You've got to hand it to him.

You've got to hand it to him.

MPAA Rating


Running Time

112 minutes


Michael Chaves

Screenplay by

David Leslie and Johnson-McGoldrick

You had hope that the new Conjuring movie would not be like other dull “horror” movies of the obtuse ConjurVerse as the first two Conjuring movies had cheap but relatively effective scares as opposed to the tepid milk that is the rest of the ConjurVerse.

The only thing that most of the ConjurVerse movies share with each other is a distinct lack of actual frights. Unless you’re in Jr. high. Or grade school. Or scare easily. Or are a little b*tch.
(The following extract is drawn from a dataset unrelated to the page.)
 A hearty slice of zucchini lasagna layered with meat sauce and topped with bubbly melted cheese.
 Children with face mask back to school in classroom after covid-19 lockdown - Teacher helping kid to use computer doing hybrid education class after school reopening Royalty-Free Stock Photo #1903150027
Unfortunately, you’d be much better off watching the first two Conjuring movies again than sitting through this uninspired and derivative threequel.

As you watch it, you’d think the devil wanted to get you with boredom.

Satanic Synopsis!!!

The Conjuring Three (because I’m not wasting my time with such a long title for such a mediocre movie) opens in 1981 at the Glatzel household. There’s a mother and a father and a daughter. They all have actual names but no one really gives a f*ck about them because all we really care about is little David Glatzel (tiny Julian Hilliard from The Haunting of Hill House).

David is eight years old, likes race cars and puppies and is currently being possessed by a demon.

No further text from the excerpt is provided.